#### [TASK INSTRUCTIONS]
Starting with the line that holds "So be careful", reproduce each line through the last one of the data, exactly as written. Pictures are not copied.

(Data extracted from a collection)

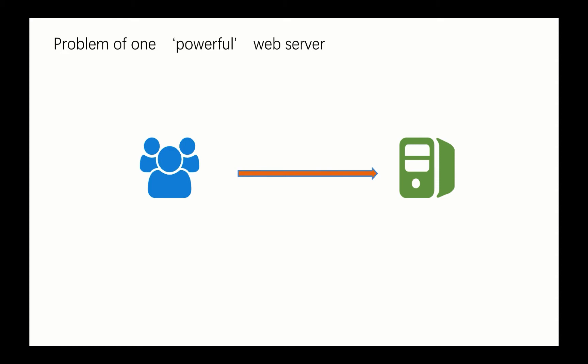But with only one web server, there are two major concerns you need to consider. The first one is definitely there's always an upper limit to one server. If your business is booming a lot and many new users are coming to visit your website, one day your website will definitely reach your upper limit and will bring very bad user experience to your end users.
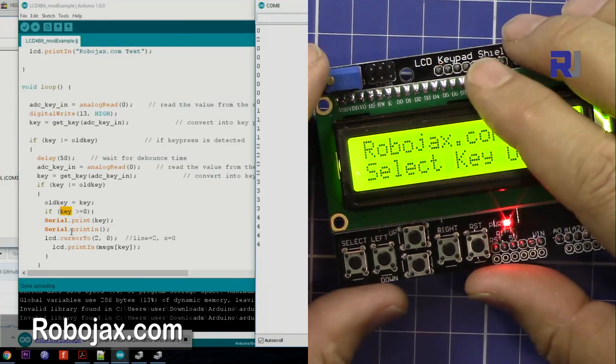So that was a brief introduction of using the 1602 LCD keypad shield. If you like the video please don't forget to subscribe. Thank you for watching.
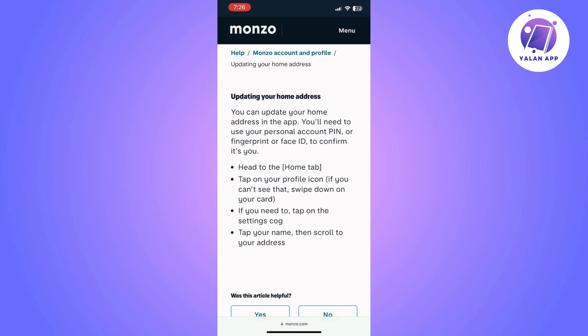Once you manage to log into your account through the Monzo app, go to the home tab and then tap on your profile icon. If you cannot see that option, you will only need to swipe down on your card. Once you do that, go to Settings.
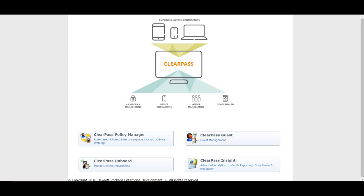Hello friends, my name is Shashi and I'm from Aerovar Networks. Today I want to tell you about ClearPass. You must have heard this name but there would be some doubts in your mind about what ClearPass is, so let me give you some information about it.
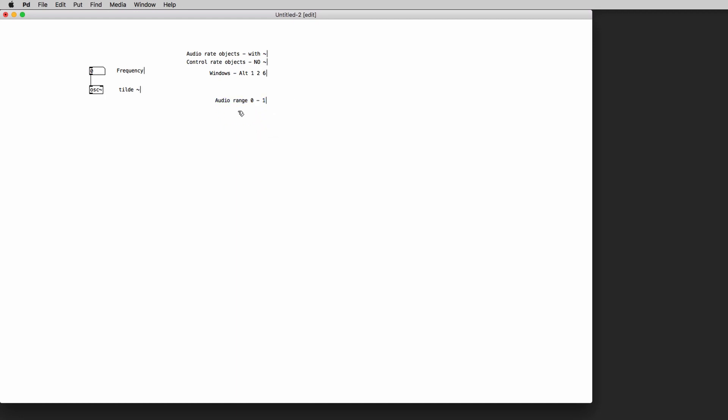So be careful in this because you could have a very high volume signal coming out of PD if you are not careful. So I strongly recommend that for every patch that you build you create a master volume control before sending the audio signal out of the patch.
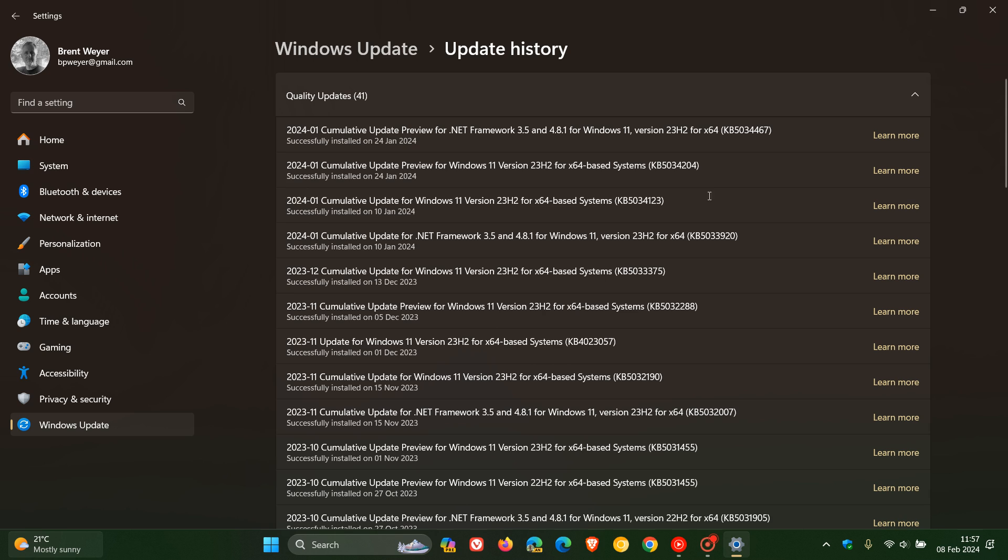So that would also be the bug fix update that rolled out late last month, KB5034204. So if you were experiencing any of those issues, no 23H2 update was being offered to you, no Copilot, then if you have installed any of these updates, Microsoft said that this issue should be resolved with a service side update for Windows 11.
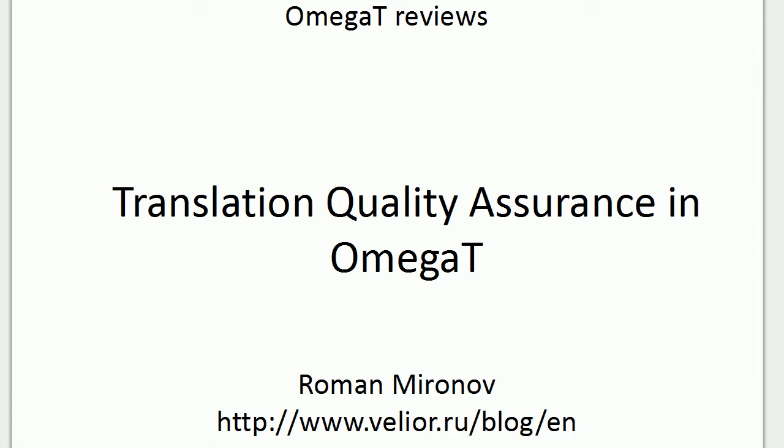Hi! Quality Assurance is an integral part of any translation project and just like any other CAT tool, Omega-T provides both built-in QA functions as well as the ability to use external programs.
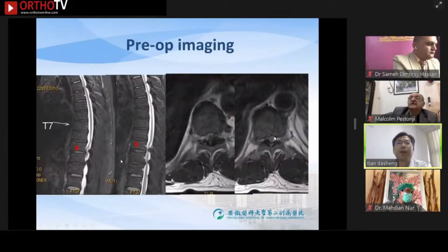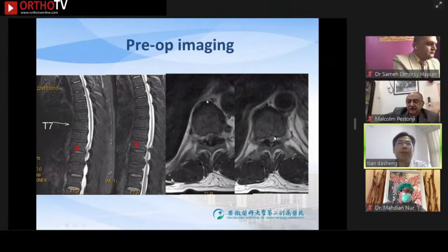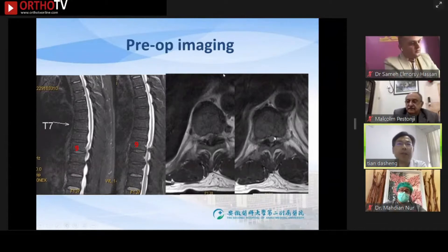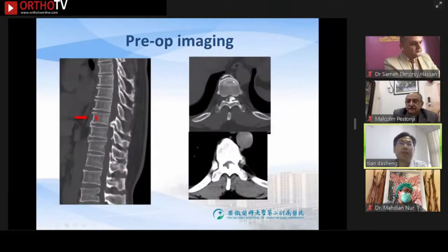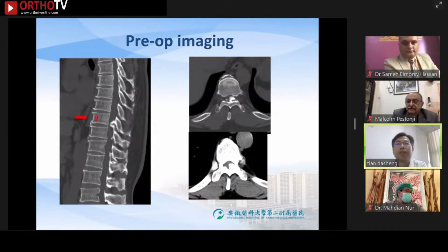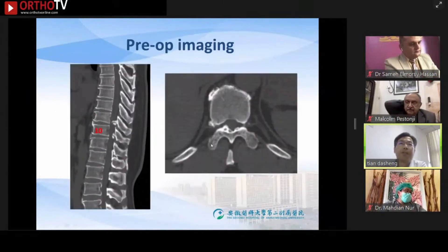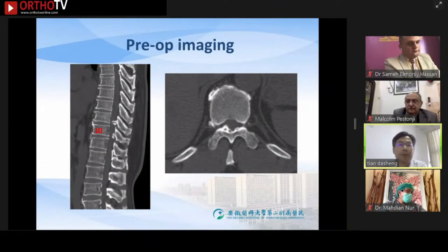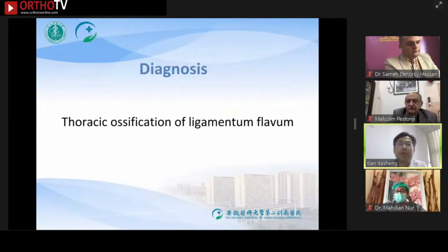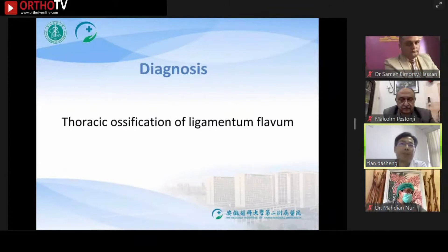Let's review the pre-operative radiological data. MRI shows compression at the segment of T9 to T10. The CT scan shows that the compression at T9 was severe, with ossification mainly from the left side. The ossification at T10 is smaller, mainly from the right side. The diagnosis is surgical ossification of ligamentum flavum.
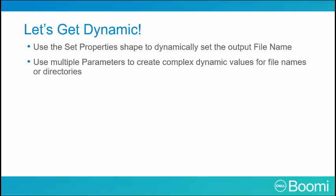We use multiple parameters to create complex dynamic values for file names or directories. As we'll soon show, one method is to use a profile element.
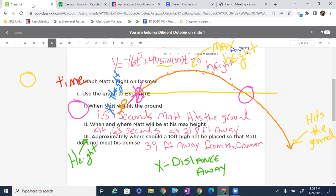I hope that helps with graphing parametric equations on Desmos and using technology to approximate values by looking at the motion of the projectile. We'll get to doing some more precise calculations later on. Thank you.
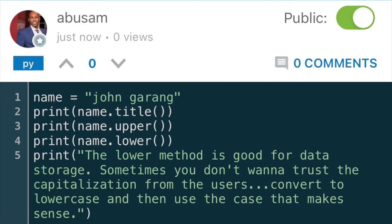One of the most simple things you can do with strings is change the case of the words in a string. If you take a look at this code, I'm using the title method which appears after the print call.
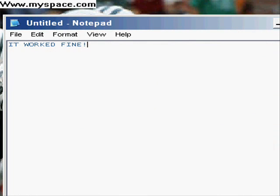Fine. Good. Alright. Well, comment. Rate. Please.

#### [RESULT OF THE TASK]
So be careful in this because you could have a very high volume signal coming out of PD if you are not careful. So I strongly recommend that for every patch that you build you create a master volume control before sending the audio signal out of the patch.
So that would also be the bug fix update that rolled out late last month, KB5034204. So if you were experiencing any of those issues, no 23H2 update was being offered to you, no Copilot, then if you have installed any of these updates, Microsoft said that this issue should be resolved with a service side update for Windows 11.
Hi! Quality Assurance is an integral part of any translation project and just like any other CAT tool, Omega-T provides both built-in QA functions as well as the ability to use external programs.
Let's review the pre-operative radiological data. MRI shows compression at the segment of T9 to T10. The CT scan shows that the compression at T9 was severe, with ossification mainly from the left side. The ossification at T10 is smaller, mainly from the right side. The diagnosis is surgical ossification of ligamentum flavum.
We use multiple parameters to create complex dynamic values for file names or directories. As we'll soon show, one method is to use a profile element.
I hope that helps with graphing parametric equations on Desmos and using technology to approximate values by looking at the motion of the projectile. We'll get to doing some more precise calculations later on. Thank you.
One of the most simple things you can do with strings is change the case of the words in a string. If you take a look at this code, I'm using the title method which appears after the print call.
Fine. Good. Alright. Well, comment. Rate. Please.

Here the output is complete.